§ Brief: Please copy, character for character, each line from the beginning of the listing to the line containing "Dekorlu Kış Bahçeli", including both.

§ Exercise data:
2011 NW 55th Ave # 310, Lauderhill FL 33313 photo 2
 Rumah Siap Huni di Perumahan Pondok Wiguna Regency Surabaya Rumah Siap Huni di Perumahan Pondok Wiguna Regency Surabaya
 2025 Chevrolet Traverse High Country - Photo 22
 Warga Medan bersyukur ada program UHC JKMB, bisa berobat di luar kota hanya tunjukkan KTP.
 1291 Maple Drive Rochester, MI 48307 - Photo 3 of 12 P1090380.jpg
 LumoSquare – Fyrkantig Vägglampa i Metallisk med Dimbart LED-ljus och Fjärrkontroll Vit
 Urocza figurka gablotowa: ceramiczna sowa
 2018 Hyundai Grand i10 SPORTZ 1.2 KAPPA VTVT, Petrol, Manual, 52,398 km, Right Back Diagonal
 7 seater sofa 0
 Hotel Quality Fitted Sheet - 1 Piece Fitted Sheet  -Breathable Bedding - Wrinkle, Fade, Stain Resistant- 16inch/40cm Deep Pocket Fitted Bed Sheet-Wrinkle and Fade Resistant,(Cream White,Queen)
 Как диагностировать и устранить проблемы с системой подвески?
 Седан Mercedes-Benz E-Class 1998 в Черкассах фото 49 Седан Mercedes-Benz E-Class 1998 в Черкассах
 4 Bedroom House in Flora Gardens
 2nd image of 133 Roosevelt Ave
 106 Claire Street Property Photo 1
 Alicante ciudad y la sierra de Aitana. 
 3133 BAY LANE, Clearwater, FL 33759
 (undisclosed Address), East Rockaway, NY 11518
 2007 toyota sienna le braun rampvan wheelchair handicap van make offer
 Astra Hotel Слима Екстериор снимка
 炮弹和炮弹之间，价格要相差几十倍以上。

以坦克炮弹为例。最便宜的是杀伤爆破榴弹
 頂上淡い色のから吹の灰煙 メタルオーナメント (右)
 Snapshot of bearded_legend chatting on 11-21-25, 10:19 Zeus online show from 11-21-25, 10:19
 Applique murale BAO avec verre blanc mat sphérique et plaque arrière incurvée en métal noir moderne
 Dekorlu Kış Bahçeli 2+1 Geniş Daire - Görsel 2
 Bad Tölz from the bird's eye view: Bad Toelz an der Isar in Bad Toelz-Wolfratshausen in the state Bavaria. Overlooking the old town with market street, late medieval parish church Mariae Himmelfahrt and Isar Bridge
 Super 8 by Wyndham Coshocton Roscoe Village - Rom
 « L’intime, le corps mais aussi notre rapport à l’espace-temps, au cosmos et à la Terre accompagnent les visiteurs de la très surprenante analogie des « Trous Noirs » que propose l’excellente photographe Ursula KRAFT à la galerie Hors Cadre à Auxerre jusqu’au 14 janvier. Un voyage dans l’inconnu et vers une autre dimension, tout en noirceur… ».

§ Solution below:
2011 NW 55th Ave # 310, Lauderhill FL 33313 photo 2
 Rumah Siap Huni di Perumahan Pondok Wiguna Regency Surabaya Rumah Siap Huni di Perumahan Pondok Wiguna Regency Surabaya
 2025 Chevrolet Traverse High Country - Photo 22
 Warga Medan bersyukur ada program UHC JKMB, bisa berobat di luar kota hanya tunjukkan KTP.
 1291 Maple Drive Rochester, MI 48307 - Photo 3 of 12 P1090380.jpg
 LumoSquare – Fyrkantig Vägglampa i Metallisk med Dimbart LED-ljus och Fjärrkontroll Vit
 Urocza figurka gablotowa: ceramiczna sowa
 2018 Hyundai Grand i10 SPORTZ 1.2 KAPPA VTVT, Petrol, Manual, 52,398 km, Right Back Diagonal
 7 seater sofa 0
 Hotel Quality Fitted Sheet - 1 Piece Fitted Sheet  -Breathable Bedding - Wrinkle, Fade, Stain Resistant- 16inch/40cm Deep Pocket Fitted Bed Sheet-Wrinkle and Fade Resistant,(Cream White,Queen)
 Как диагностировать и устранить проблемы с системой подвески?
 Седан Mercedes-Benz E-Class 1998 в Черкассах фото 49 Седан Mercedes-Benz E-Class 1998 в Черкассах
 4 Bedroom House in Flora Gardens
 2nd image of 133 Roosevelt Ave
 106 Claire Street Property Photo 1
 Alicante ciudad y la sierra de Aitana. 
 3133 BAY LANE, Clearwater, FL 33759
 (undisclosed Address), East Rockaway, NY 11518
 2007 toyota sienna le braun rampvan wheelchair handicap van make offer
 Astra Hotel Слима Екстериор снимка
 炮弹和炮弹之间，价格要相差几十倍以上。

以坦克炮弹为例。最便宜的是杀伤爆破榴弹
 頂上淡い色のから吹の灰煙 メタルオーナメント (右)
 Snapshot of bearded_legend chatting on 11-21-25, 10:19 Zeus online show from 11-21-25, 10:19
 Applique murale BAO avec verre blanc mat sphérique et plaque arrière incurvée en métal noir moderne
 Dekorlu Kış Bahçeli 2+1 Geniş Daire - Görsel 2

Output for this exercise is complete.